Task to complete: Which of the lines below mention the word "Peugeot"? Pull each one out.

[Recorded data]
§ §
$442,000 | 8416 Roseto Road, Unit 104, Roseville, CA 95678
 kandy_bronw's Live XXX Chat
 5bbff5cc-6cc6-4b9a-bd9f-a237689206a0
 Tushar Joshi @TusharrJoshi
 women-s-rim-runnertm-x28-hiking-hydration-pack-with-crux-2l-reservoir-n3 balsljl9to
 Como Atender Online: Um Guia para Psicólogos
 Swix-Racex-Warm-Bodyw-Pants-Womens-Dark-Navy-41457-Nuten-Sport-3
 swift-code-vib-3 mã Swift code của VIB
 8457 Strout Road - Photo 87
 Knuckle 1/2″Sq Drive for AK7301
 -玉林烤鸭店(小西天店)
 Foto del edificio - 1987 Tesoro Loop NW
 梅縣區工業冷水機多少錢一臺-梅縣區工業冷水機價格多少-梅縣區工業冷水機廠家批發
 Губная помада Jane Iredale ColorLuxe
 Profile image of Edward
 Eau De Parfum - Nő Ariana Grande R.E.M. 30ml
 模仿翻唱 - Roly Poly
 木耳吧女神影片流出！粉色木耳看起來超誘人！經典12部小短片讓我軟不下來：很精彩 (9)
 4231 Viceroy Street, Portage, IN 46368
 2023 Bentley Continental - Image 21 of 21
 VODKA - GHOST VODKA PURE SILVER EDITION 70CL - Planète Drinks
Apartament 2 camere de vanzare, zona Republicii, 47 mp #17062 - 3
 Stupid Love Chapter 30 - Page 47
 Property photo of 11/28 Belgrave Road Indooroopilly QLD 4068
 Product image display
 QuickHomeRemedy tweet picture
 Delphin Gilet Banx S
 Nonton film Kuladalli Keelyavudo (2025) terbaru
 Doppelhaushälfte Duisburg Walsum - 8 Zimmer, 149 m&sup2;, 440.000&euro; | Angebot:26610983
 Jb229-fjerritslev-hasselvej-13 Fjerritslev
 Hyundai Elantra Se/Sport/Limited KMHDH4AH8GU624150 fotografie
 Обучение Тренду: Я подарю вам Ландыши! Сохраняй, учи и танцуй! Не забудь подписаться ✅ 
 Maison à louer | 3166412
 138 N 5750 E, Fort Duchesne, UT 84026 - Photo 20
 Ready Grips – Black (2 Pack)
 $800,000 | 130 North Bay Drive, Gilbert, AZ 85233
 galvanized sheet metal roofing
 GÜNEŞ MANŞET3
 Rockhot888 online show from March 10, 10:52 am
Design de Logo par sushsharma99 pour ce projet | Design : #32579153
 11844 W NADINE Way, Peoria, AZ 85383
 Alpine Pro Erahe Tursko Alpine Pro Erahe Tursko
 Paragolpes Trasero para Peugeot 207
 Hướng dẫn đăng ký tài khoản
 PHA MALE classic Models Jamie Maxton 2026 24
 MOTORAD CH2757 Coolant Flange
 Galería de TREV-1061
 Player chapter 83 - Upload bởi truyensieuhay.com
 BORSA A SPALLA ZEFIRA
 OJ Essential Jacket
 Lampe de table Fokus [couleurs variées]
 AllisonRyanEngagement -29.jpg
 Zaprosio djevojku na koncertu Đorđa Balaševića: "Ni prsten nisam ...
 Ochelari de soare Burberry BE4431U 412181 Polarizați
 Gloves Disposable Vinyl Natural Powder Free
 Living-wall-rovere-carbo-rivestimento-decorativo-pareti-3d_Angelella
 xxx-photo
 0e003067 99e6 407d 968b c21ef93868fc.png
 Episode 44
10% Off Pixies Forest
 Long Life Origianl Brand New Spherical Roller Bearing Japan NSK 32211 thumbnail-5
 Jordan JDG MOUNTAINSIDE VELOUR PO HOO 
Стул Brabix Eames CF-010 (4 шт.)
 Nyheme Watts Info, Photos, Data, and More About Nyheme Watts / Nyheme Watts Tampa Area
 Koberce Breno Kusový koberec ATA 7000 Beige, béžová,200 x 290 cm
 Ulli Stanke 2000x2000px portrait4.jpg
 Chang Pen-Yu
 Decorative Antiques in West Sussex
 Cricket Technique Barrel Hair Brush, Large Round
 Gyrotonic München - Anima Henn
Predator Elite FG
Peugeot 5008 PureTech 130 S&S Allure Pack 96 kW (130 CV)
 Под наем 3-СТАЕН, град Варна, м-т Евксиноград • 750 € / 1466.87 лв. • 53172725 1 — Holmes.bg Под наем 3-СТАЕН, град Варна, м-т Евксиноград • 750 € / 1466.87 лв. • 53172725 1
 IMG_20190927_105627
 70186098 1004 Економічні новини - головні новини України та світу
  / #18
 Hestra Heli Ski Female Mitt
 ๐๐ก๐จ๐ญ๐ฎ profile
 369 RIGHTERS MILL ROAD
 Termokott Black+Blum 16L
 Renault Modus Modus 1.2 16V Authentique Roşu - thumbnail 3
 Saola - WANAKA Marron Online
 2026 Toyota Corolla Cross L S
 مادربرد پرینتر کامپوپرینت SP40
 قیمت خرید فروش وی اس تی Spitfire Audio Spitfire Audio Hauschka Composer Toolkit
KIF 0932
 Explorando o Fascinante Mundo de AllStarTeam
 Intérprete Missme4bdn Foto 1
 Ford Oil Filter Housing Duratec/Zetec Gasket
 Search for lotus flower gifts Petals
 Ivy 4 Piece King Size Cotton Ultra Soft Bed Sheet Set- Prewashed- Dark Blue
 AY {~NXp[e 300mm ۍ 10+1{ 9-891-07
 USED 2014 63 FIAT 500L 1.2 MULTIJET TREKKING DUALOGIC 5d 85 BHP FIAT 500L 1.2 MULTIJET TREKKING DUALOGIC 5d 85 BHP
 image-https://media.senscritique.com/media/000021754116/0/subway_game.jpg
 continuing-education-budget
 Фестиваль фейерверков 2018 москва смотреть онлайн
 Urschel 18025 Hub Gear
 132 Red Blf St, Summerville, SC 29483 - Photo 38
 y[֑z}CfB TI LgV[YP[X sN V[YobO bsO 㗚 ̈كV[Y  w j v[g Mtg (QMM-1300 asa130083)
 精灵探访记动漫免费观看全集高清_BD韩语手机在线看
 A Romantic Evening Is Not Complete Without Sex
§ §
Result below:
 Paragolpes Trasero para Peugeot 207
Peugeot 5008 PureTech 130 S&S Allure Pack 96 kW (130 CV)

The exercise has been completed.